Description
BUG REPORT
- Please describe the issue you observed:
When the request of send message resides in the sendThreadPoolQueue too long, the broker may occur "[TIMEOUT_CLEAN_QUEUE]broker busy, start flow control for a while, code as follow":
final long behind = System.currentTimeMillis() - rt.getCreateTimestamp();
if (behind >= maxWaitTimeMillsInQueue) {
if (blockingQueue.remove(runnable)) {
rt.setStopRun(true);
rt.returnResponse(RemotingSysResponseCode.SYSTEM_BUSY, String.format("[TIMEOUT_CLEAN_QUEUE]broker busy, start flow control for a while, period in queue: %sms, size of queue: %d", behind, blockingQueue.size()));
}
}
the default value of maxWaitTimeMillsInQueue is 200ms.
We have set it`s value to 1000ms on the production environment, but, this quesiton still happens occasionally.
We use rocketmq-exporter+prometheus+grafana monitoring the value of sendThreadPoolQueueHeadWaitTimeMills, however the value always is 0(Occasionally a very high value appears).It is not science!
When I debug the broker`s source code, I found that there are two types of data in the sendThreadPoolQueue.
java.util.concurrent.CompletableFuture$UniAccept
org.apache.rocketmq.broker.latency.FutureTaskExt
If the header element of sendThreadPoolQueue is org.apache.rocketmq.broker.latency.FutureTaskExt, will computer the value of sendThreadPoolQueueHeadWaitTimeMills. Otherwise, it return 0. Look at the source code below:
// BrokerController.java
public long headSlowTimeMills(BlockingQueue<Runnable> q) {
long slowTimeMills = 0;
final Runnable peek = q.peek();
if (peek != null) {
RequestTask rt = BrokerFastFailure.castRunnable(peek);
slowTimeMills = rt == null ? 0 : this.messageStore.now() - rt.getCreateTimestamp();
}
if (slowTimeMills < 0) {
slowTimeMills = 0;
}
return slowTimeMills;
}
Look at this line of code : BrokerFastFailure.castRunnable(peek);
public static RequestTask castRunnable(final Runnable runnable) {
try {
if (runnable instanceof FutureTaskExt) {
FutureTaskExt object = (FutureTaskExt) runnable;
return (RequestTask) object.getRunnable();
}
} catch (Throwable e) {
log.error(String.format("castRunnable exception, %s", runnable.getClass().getName()), e);
}
return null;
}
The data of java.util.concurrent.CompletableFuture$UniAccept comes from(SendMessageProcessor.java):
@Override
public void asyncProcessRequest(ChannelHandlerContext ctx, RemotingCommand request, RemotingResponseCallback responseCallback) throws Exception {
asyncProcessRequest(ctx, request).thenAcceptAsync(responseCallback::callback, this.brokerController.getSendMessageExecutor());
}
They share the sendThreadPoolQueue. And the header element of sendThreadPoolQueue is java.util.concurrent.CompletableFuture$UniAccept most of the time.
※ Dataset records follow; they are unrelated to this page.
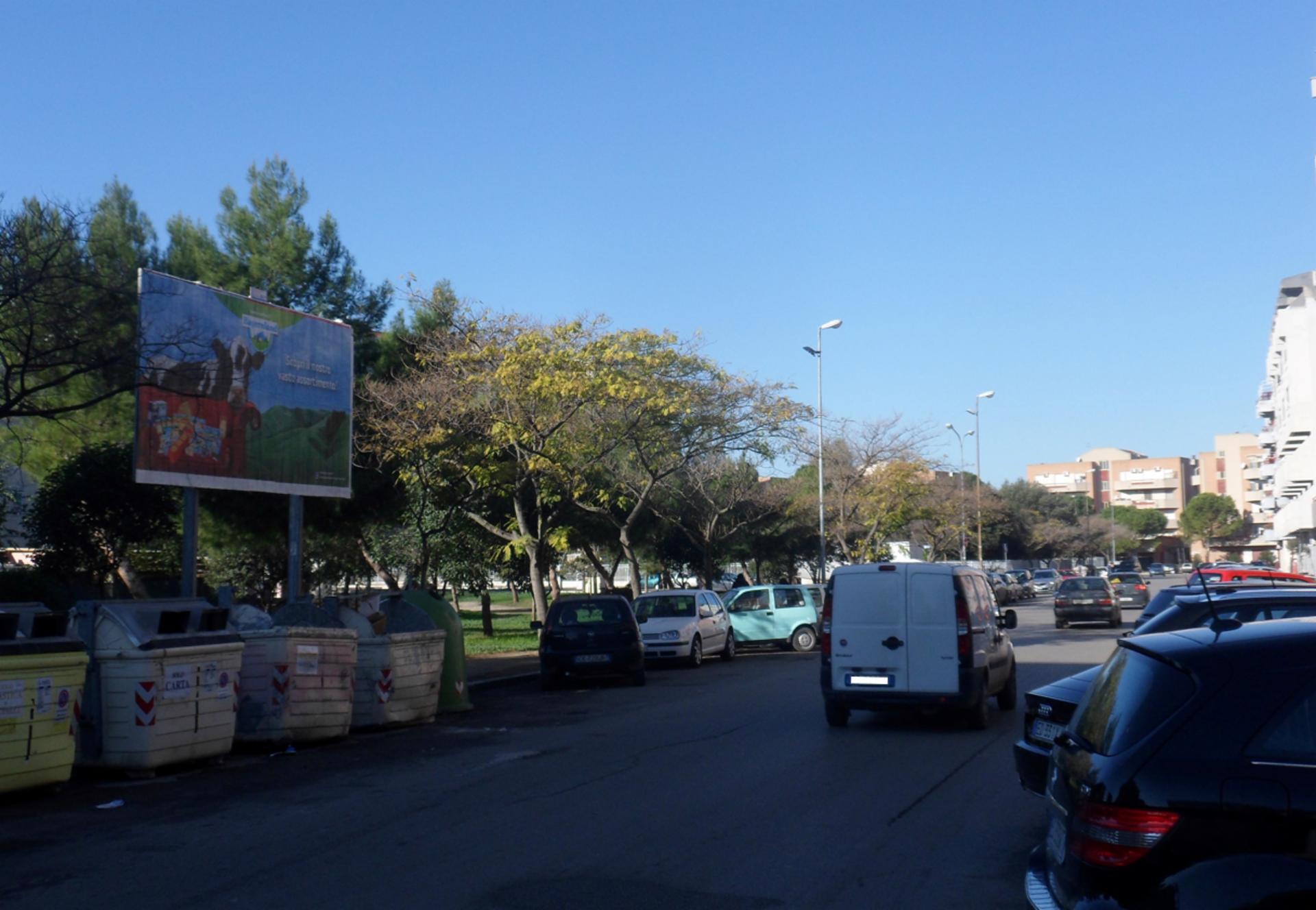 Impianto a VIA ANTONIO CIANO  Foggia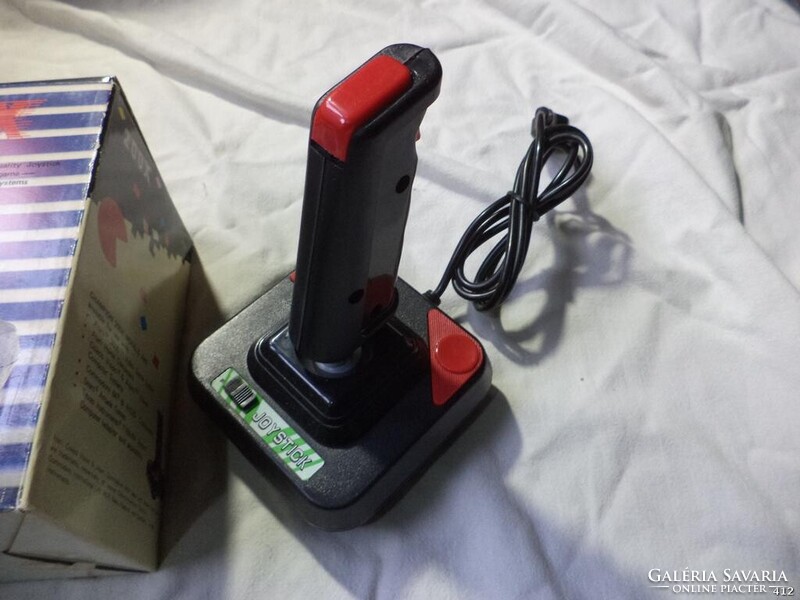 200X mikrokapcsolós joystick, dobozos (4277)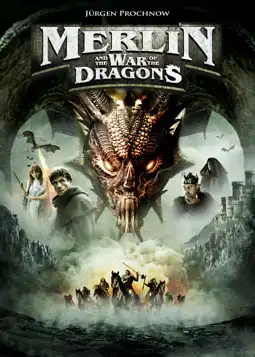 Watch and Download Merlin and the War of the Dragons 3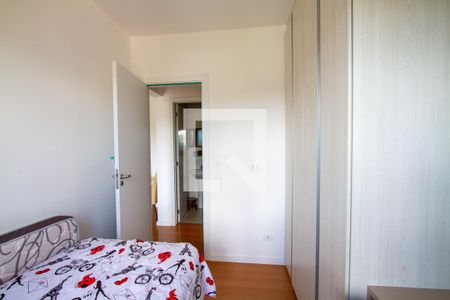Quarto 1 de apartamento para alugar com 2 quartos, 55m² em Tingui, Curitiba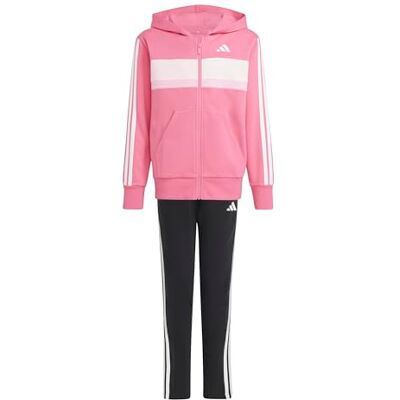 Chándal Tiberio 3 Rayas Adidas - 7-8 Años Chándal Tiberio 3 Rayas Adidas - 7-8 Años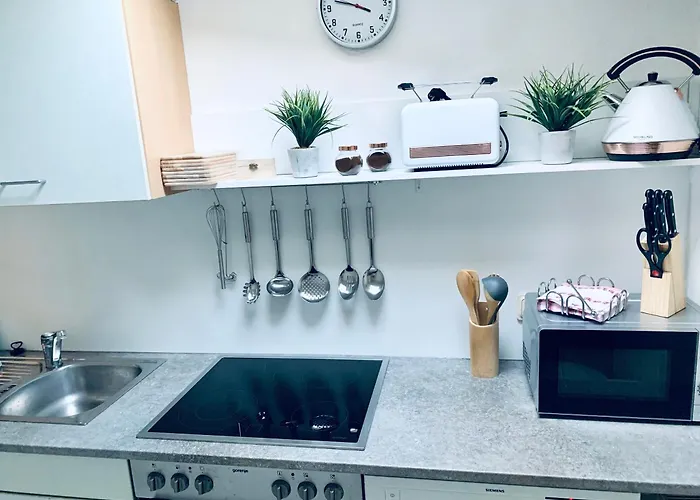 Apartamento Deutsche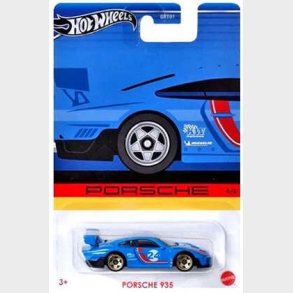 Hot Wheels - Porsche 935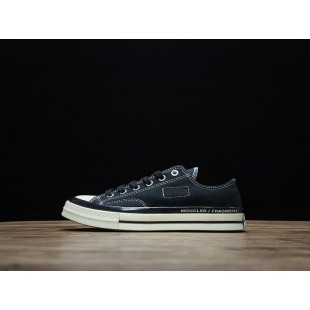 컨버스X프라그먼트X몽클레어 converse 1970S X Fragment X Moncler 172320C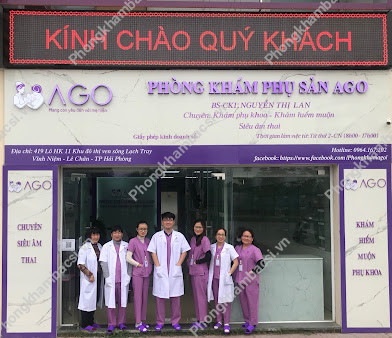 Phòng Khám Phụ Sản AGO
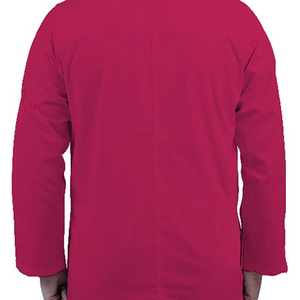 Blouse de laboratoire médicale pour hommes, uniforme d'hôpital, vente en gros OEM, haute qualité, matériau personnalisé - Product Image 5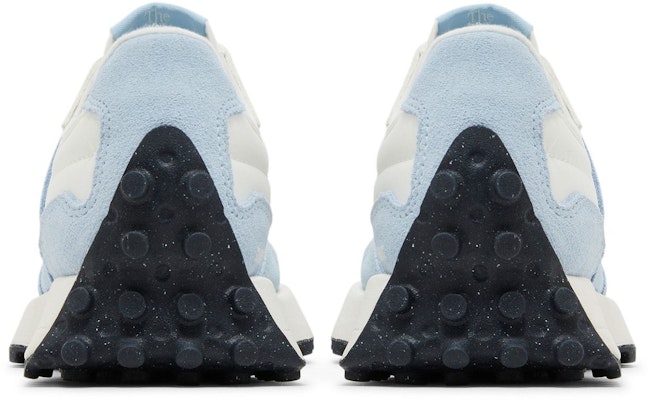 (Women) New Balance 327 'Light Chrome Blue' WS327MD Details for (Women) New Balance 327 'Light Chrome Blue' WS327MD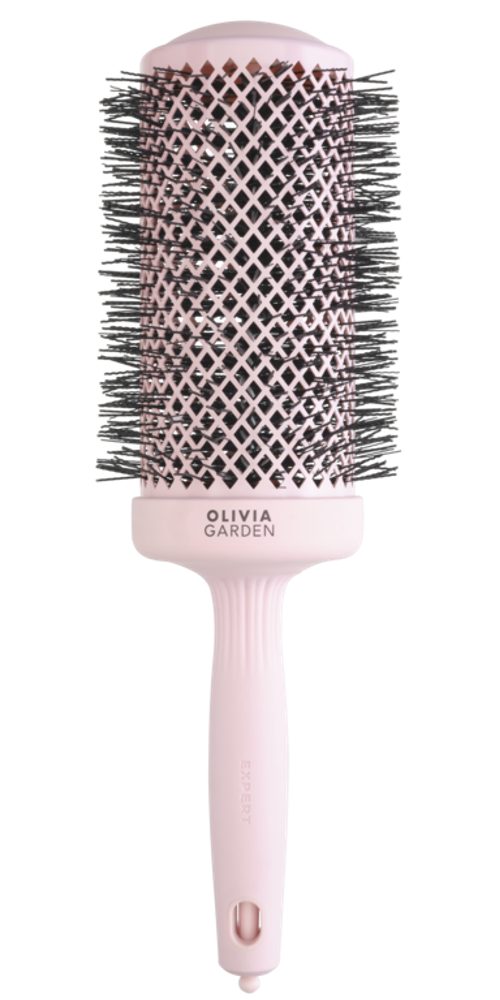 OLIVIA GARDEN Haarbürste Olivia Garden Expert Blowout Speed Wavy Pastel Pink 65mm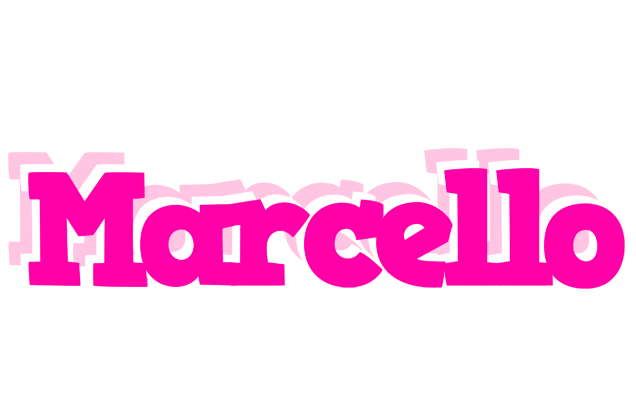 Marcello dancing logo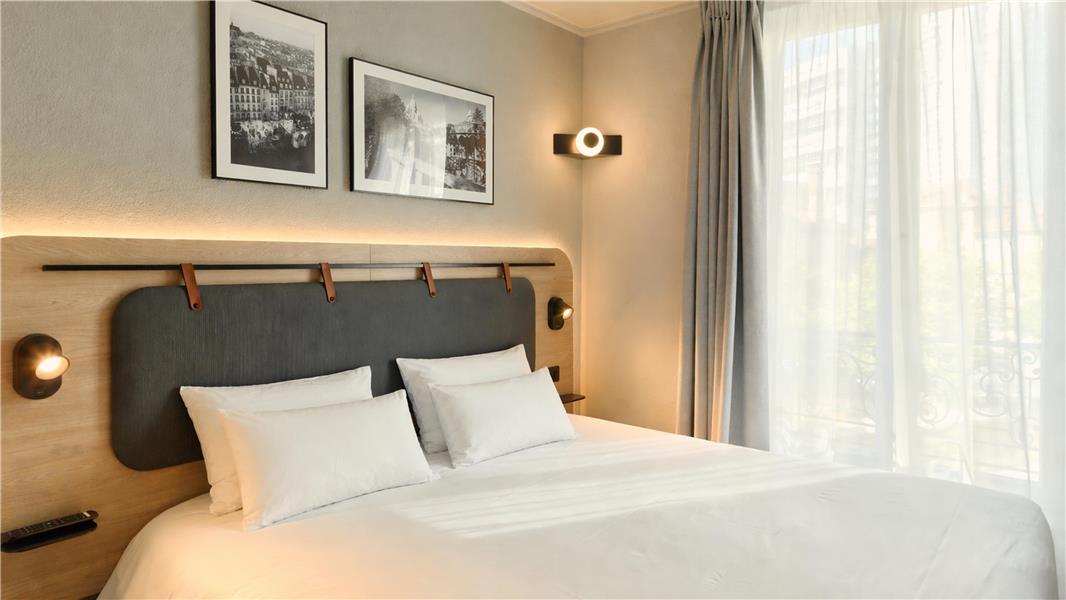 HÔTEL CAMPANILE PRIME - PARIS 15 TOUR EIFFEL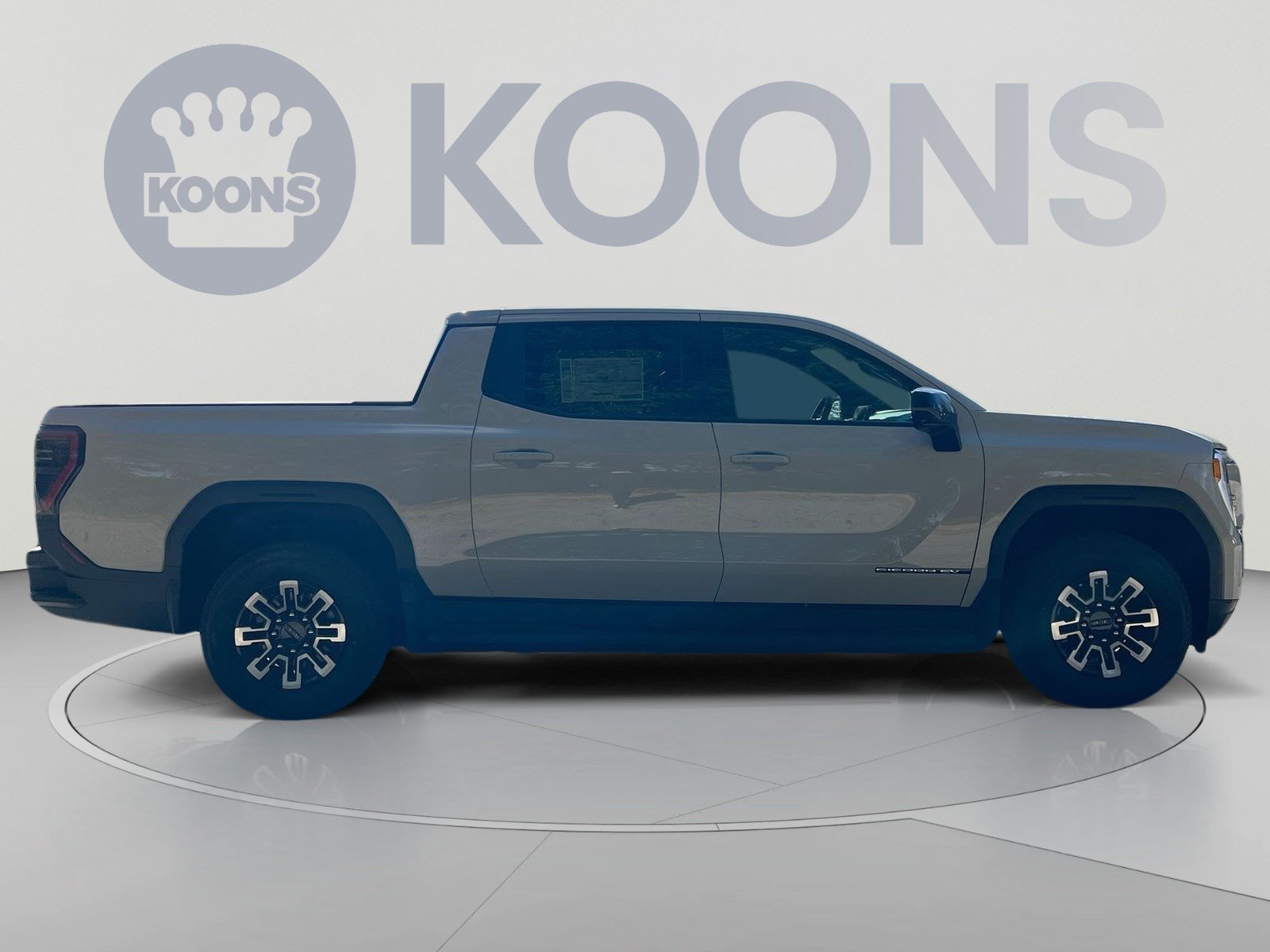 New 2026 GMC Sierra EV Elevation AWD/4WD image 8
- Please tell us about your environment:
linux
mac os
rocketmq 4.7.1 release
- Other information (e.g. detailed explanation, logs, related issues, suggestions how to fix, etc):
How I found these info in the sendThreadPoolQueue.
Print it. Such as the code below:
// BrokerController#headSlowTimeMills(BlockingQueue<Runnable> q)
........
if (q == this.sendThreadPoolQueue) {
System.out.println("send queue foreach size: " + q.size());
q.stream().forEach(r -> {
long tmpSlowTime = 0l;
RequestTask rt = BrokerFastFailure.castRunnable(r);
System.out.println(r.getClass());
tmpSlowTime = rt == null ? -1 : this.messageStore.now() - rt.getCreateTimestamp();
System.out.println(tmpSlowTime);
});
//System.out.println("Send queue slow time mills: " + slowTimeMills);
}
.......
this is print info:
send queue foreach size: 4
class java.util.concurrent.CompletableFuture$UniAccept
-1
class org.apache.rocketmq.broker.latency.FutureTaskExt
387
class java.util.concurrent.CompletableFuture$UniAccept
-1
class org.apache.rocketmq.broker.latency.FutureTaskExt
80
And print the stack trace:
this.sendThreadPoolQueue = new LinkedBlockingQueue<Runnable>(this.brokerConfig.getSendThreadPoolQueueCapacity()) {
@Override
public void put(Runnable runnable) throws InterruptedException {
System.out.println("queue put: " + runnable.getClass());
super.put(runnable);
}
@Override
public boolean offer(Runnable runnable) {
System.out.println("queue offer: " + runnable.getClass() + ", current thread: " + Thread.currentThread().getName() + ", thread id: " + Thread.currentThread().getId());
Throwable throwable = new Throwable();
StackTraceElement[] stackTraceElements = throwable.getStackTrace();
if (stackTraceElements != null) {
Arrays.stream(stackTraceElements).forEach(stackTraceElement -> {
System.out.println(stackTraceElement.getClassName() + "#"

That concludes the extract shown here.